A spokesperson for Thune confirmed this afternoon that the Senate will begin the procedural steps today to move ahead as planned on the House-passed six-bill minibus, with the chamber back in session tomorrow.

Senate Appropriations Homeland Security Subcommittee Chair Katie Britt (R-Ala.) called the death of Alex Pretti—the 37-year-old ICU nurse who was shot moments after the stood between an agent and a woman whom an agent pushed to the ground—tragic but leaned hard on supporting law enforcement and DHS’s broader mission. She also pushed back on rhetoric from the left that she characterized as endangering officers and communities. Britt urged the Senate to fund DHS and other agencies to avoid a shutdown, but also backed a fair investigation.

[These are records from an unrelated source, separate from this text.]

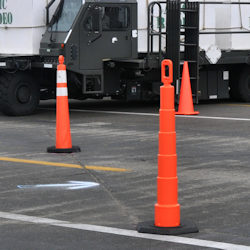 Tall orange tubular and cone markers
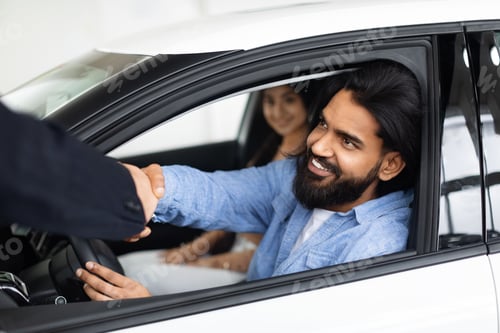 Preview: Man shaking hands with a car salesman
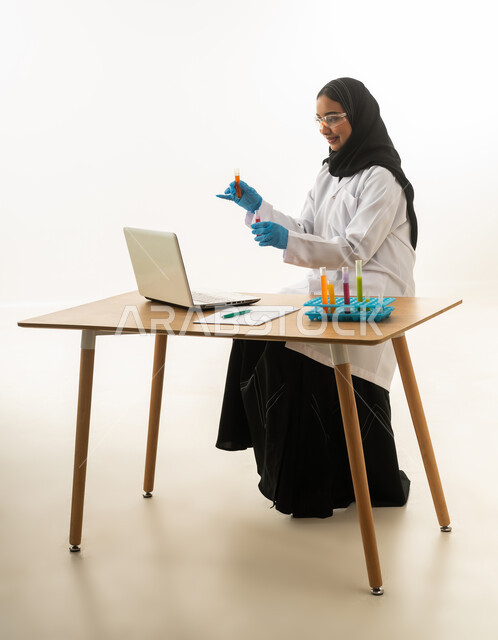 عالمة سعودية تعمل على الحاسوب وعينات المختبر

New Hampshire Democratic Sens. Jeanne Shaheen and Maggie Hassan became the sixth and seventh of eight Senate Democrats who voted in November to end the longest shutdown in U.S. history and oppose the DHS funding bill.

Shaheen said that DHS needs major reform after the shooting of Alex Pretti and said she would vote against the DHS bill until reforms and an independent probe with Minnesota law enforcement are in place. She also pressed Speaker Mike Johnson (R-La.) to bring the House back to act if the Senate splits the five non-DHS bills, an unlikely outcome.

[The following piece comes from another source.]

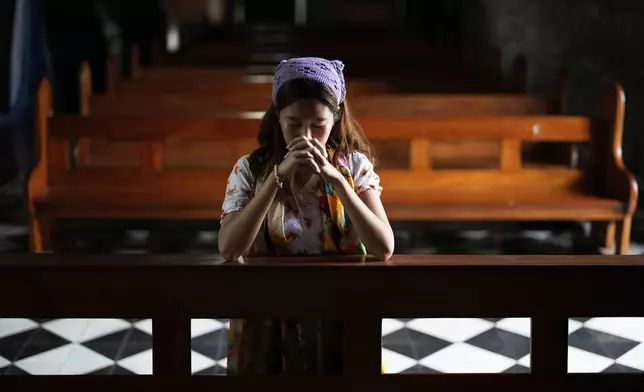 Catholic Mechaela Rejano prays at the Imus Cathedral at Imus, Cavite province, Philippines on Friday, May 9, 2025. (AP Photo/Aaron Favila)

Hassan echoed Shaheen’s calls for reforms, including concrete ICE guardrails—including body cameras, judicial arrest warrants and due process—while calling on the Trump administration to refocus immigration enforcement on truly violent offenders.

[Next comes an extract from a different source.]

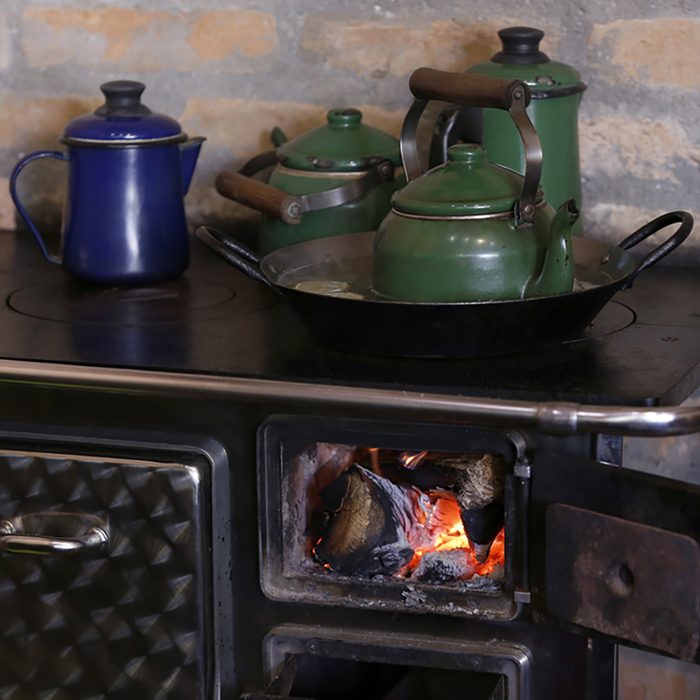 warm fire heating a coffee kettle in wood burning stove. Traditional style in countryside of Brazil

Sen. John Fetterman (D-Pa.), the eight Democratic yes vote in November, said in a statement that the Minneapolis immigration operation should immediately end and argued Renee Good and Pretti should still be alive while criticizing ICE’s tactics and backing deportation of criminal migrants along with a path to citizenship. He opposes defunding or abolishing ICE and says he won’t vote for a shutdown, noting DHS already has major funding and calling instead to strip DHS from the minibus and force a broader debate on immigration reform.

Senate Homeland Security Committee Chair Rand Paul (R-Ky.) formally summoned ICE, USCIS and CBP leaders to testify by early February, citing DHS’s “extraordinary” funding levels and Congress’s duty to oversee immigration enforcement. House Homeland Security Committee Chair Andrew Garbarino (R-N.Y.) sent similar letters to agency leadership on Saturday, signaling that GOP oversight pressure is ramping up even as DHS funding hangs in the balance.

Secretary of Homeland Security Kristi Noem is scheduled to testify before the Senate Judiciary Committee on March 3.

Correction: The Sunday edition of Congress Nerd identified Pretti as an “ICE” nurse instead of “ICU.” The web version has been updated. I regret the error.

CN Trivia question: What makes the Minneapolis VA Medical Center—where Alex Pretti worked as an ICU nurse—one of just five sites nationwide when it comes to caring for severely injured veterans?